_EXERCISE GOAL:_ Starting with the line that contains "Another thing is" and stopping after the line that contains "Alright? In exercise", copy the entries below exactly. Include nothing else.

_AVAILABLE DATA:_
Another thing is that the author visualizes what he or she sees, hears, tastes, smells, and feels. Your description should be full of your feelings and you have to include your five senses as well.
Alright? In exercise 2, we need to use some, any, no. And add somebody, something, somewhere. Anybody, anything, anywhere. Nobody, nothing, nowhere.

==

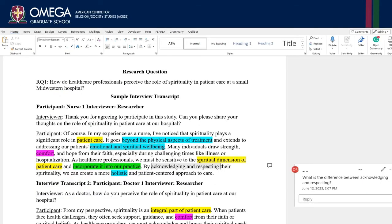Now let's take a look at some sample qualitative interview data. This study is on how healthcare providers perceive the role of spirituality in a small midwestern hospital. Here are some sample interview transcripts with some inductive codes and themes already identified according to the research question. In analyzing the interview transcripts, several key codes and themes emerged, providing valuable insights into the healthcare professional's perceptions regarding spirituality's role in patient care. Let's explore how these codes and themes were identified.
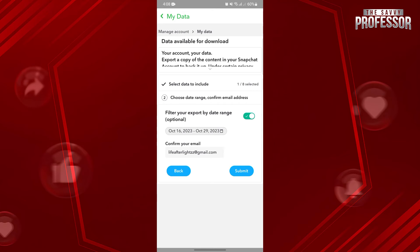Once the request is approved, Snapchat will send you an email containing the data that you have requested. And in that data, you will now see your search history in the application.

_SOLVED PROBLEM:_
Another thing is that the author visualizes what he or she sees, hears, tastes, smells, and feels. Your description should be full of your feelings and you have to include your five senses as well.
Alright? In exercise 2, we need to use some, any, no. And add somebody, something, somewhere. Anybody, anything, anywhere. Nobody, nothing, nowhere.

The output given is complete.